What are the two first words you say to your new class of students the first day?

"Thank you."

I was at a party earlier tonight as my sister-in-law and her husband send a son off to college. Another guest is a music professor at another school nearby. SCSU's semester starts today (Monday), a week earlier than in the past due to consolidation of the MnSCU schedules. It really feels wrong: The State Fair is supposed to bring the curtain down on summer, not open the fall. Labor Day is always the barbecue that says goodbye to your kids' summer vacations. It's a little more poignant for us this year as Littlest enters high school (she starts today as well.) You just don't want all these transitions quite so soon.
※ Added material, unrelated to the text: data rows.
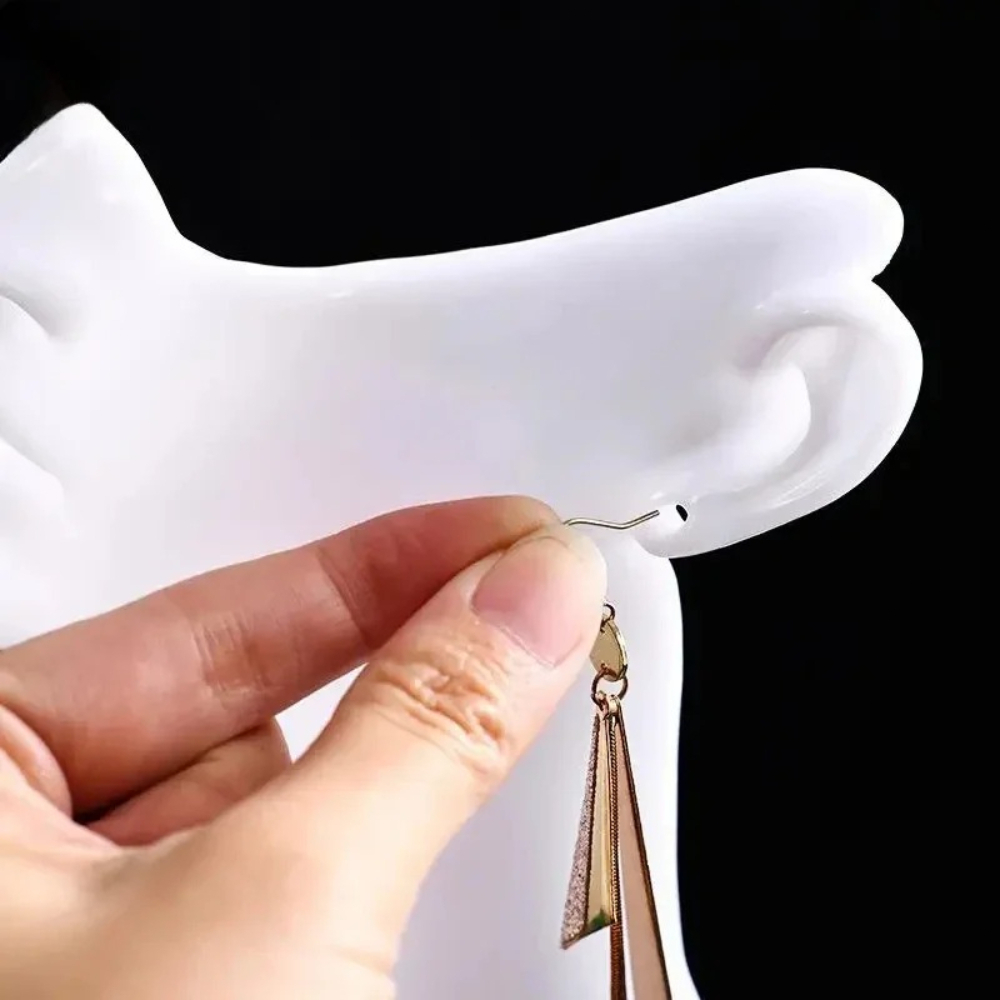 Portretnekketting displaystand - Body Jewelry Display Ideas recensie en prijs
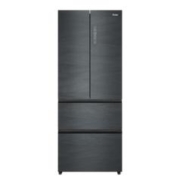 预售：Haier 海尔 BCD-410WLHFD4DDYU1 多门冰箱 410升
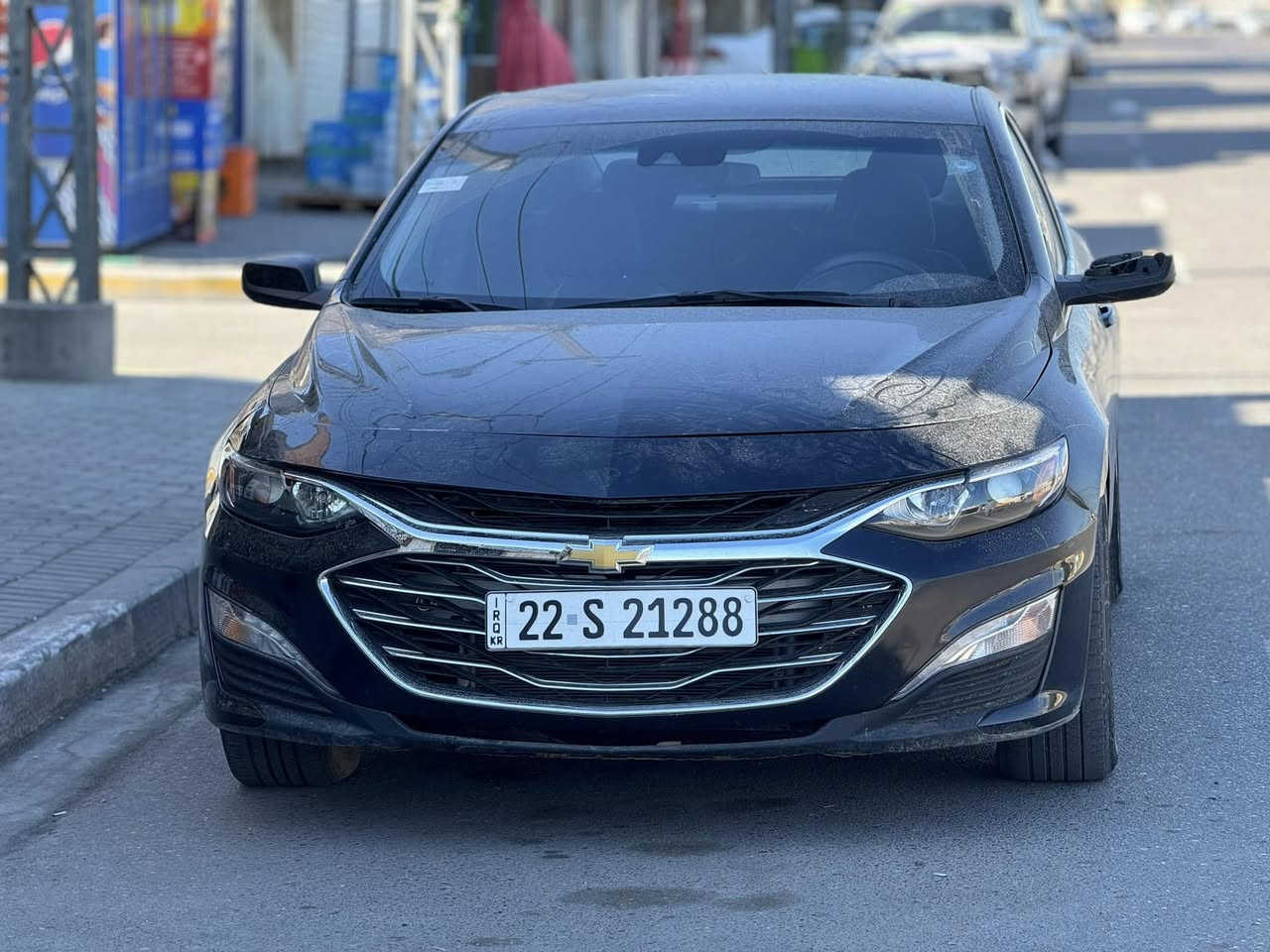 يالله إسلام عليكم 
ماليبو ٢٠٢٣
رقم أربيل وكآله مجانيه بسم شركه 
حادثه جاملغ وبنيد ورقم شاصي بلمنشور 
السياره جاهزه من كلشي 
السعر ١٢٥ قفل 🔐 جوه السوك 
مكاني البصره القبله 
***********
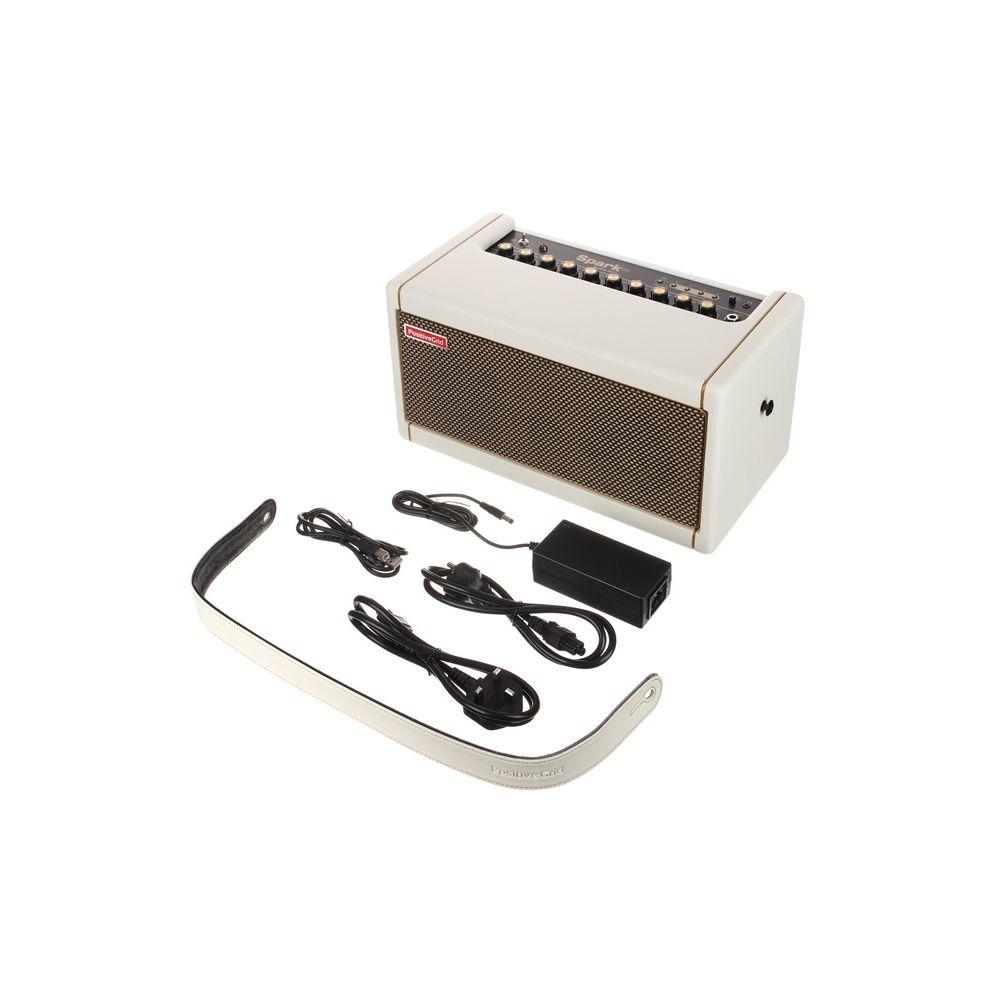 Positive Grid Spark 40 PW Bundle – Thomann Ireland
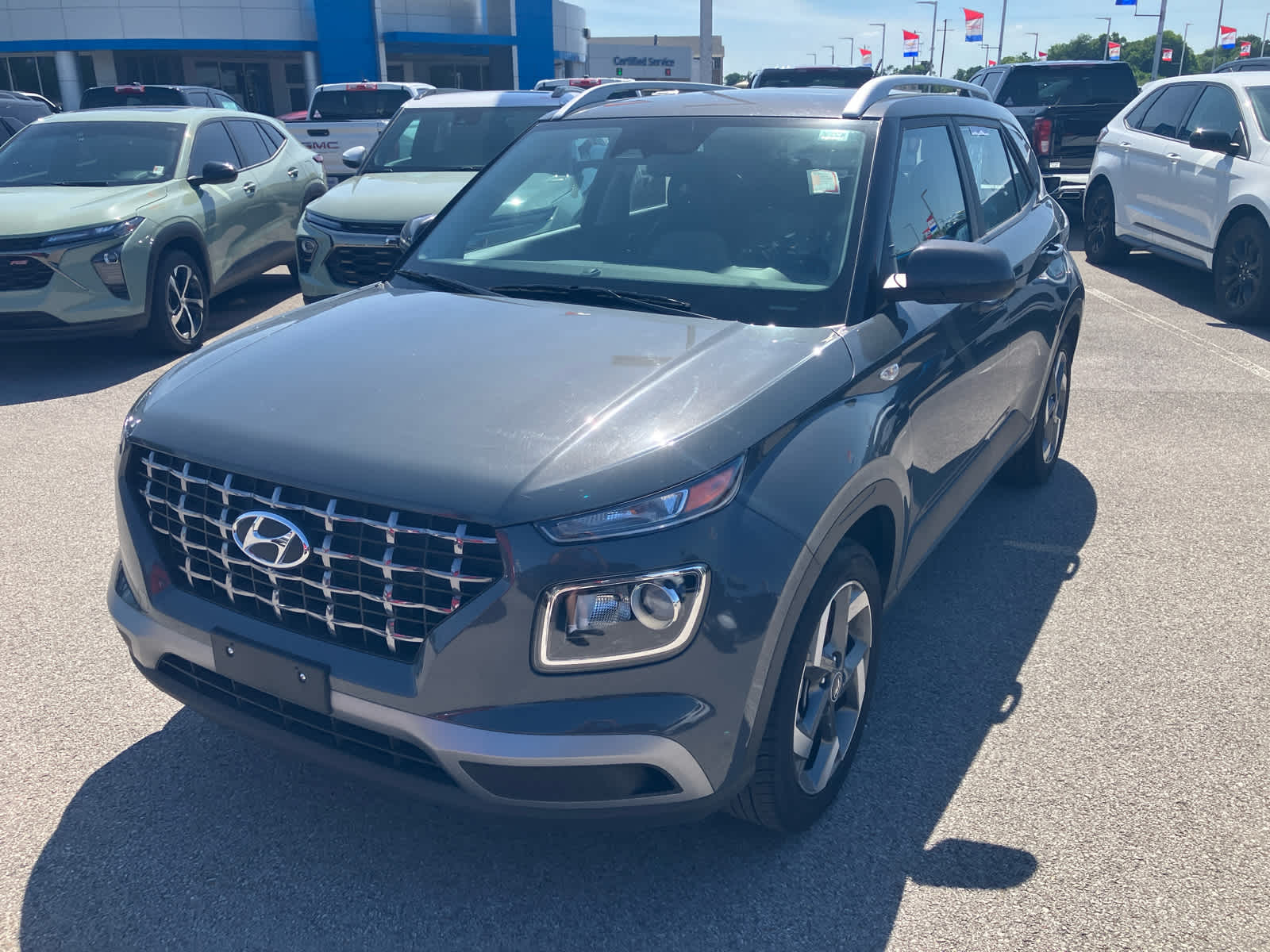 2025 Hyundai Venue SEL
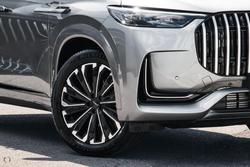 2025 Jaecoo J8 Ridge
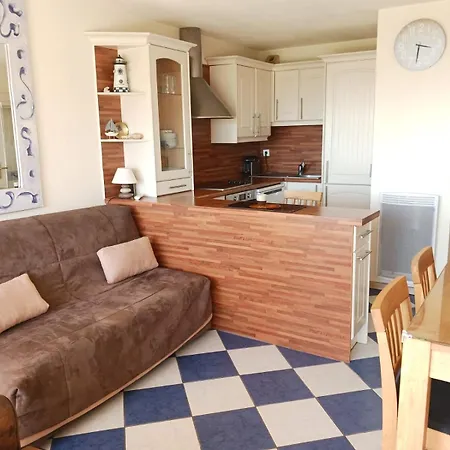 Casa Marina - Le Petit Bleu Vue Lejlighed Pornic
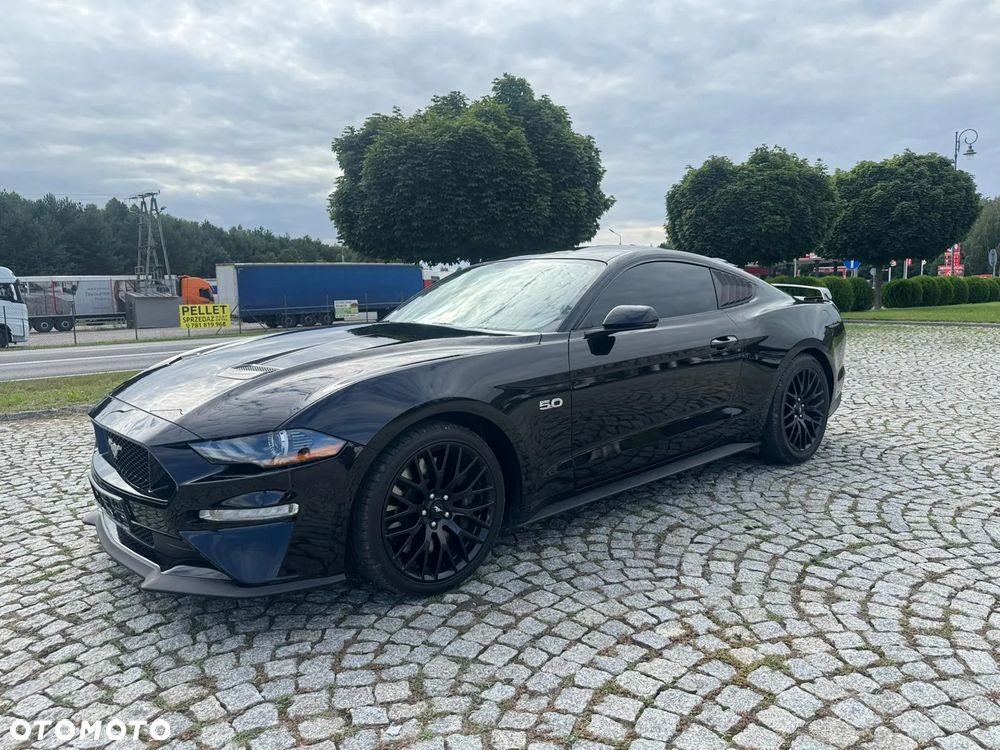 Ford Mustang 5.0 V8 Mach 1 - 2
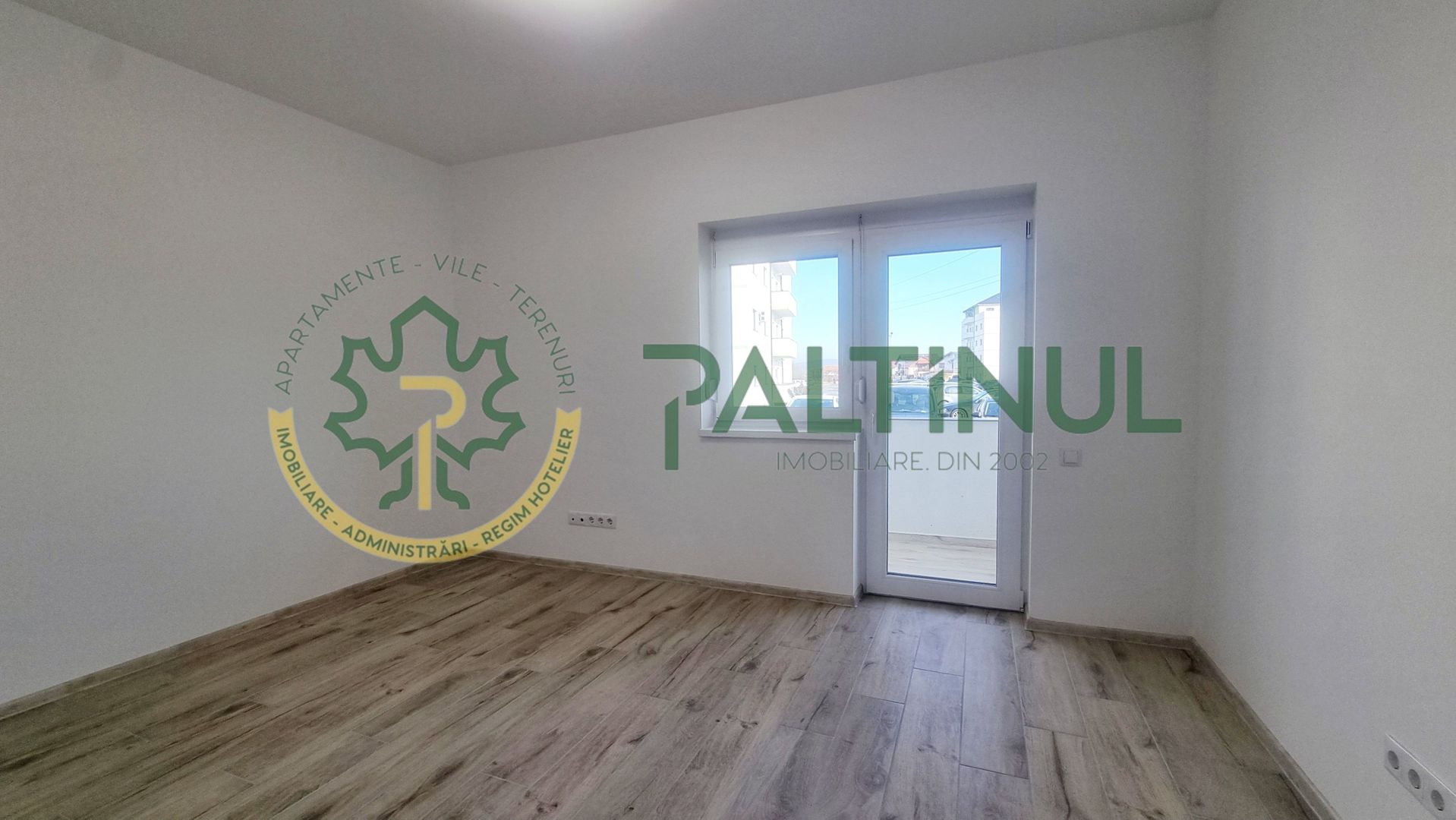 Apartament 3 camere 2 balcoane, parcare Sibiu- Cartier Tineretului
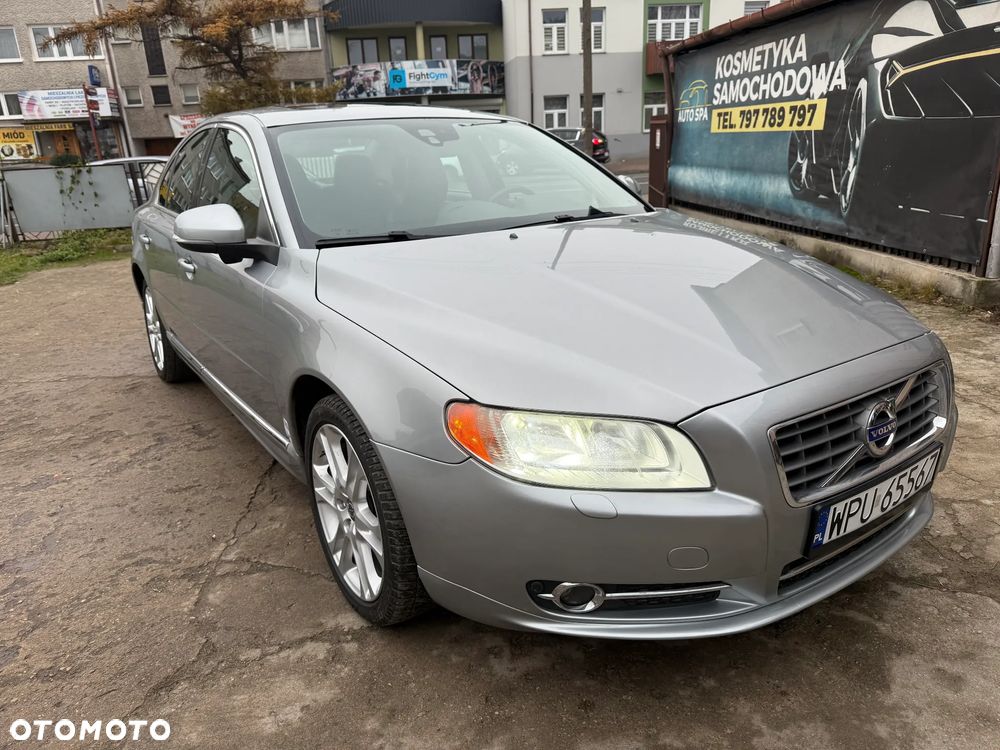 Volvo S80 T6 AWD Geartronic Executive - 9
So this is the conversation with the other professor, and in the middle of this we sort of stop and catch ourselves. "I get no sympathy from my wife about this," he says. And he's right. We get three glorious months to self-indulge, or teach a summer class to make that tuition check for the school in fall, or travel, or what have you. In the fall he gets new studio students to work with. He looks forward to it. And so do I. Does anyone else get to do this? We like to call athletes lucky to play a child's game for money, but my luck is as good as theirs even if the money isn't.

I ran into a former student of mine, one of my first students here from more than 20 years ago, who now teaches at a school in the Cities on Saturday. He's just helped one of my graduate students find some teaching at his school; he sends some of his students up to St. Cloud to become my students. I ran into the grad student later to retrieve some books I had lent him. He is now being helped by my older student. I gave a couple prayers of thanks driving home and thought maybe August isn't so bad.

Putting a monkey wrench into this mistiming is that I'm also on jury duty the next two weeks. I already put this off once when it threatened the conference in Waikiki, so I felt I couldn't ask again. You probably won't notice, as I'll be forward-dating posts. But I'm not so concerned about missing the blog, or the Fair or the RNC next week (where I will be on the air a couple of nights -- details as we finalize them). I hate missing that first time to see students, and thank them for being there, for signing up to have me as their teacher, for wanting to learn economics ("I only took it because it was required for my major" is a challenge I accept; "I didn't think I was going to like this course but I did" is the prize), for coming to SCSU, for allowing a 50-something to feel a little younger (and a little older) every September.

Or August, as it now turns out. I'll get used to it. My lucky day just comes a bit earlier now.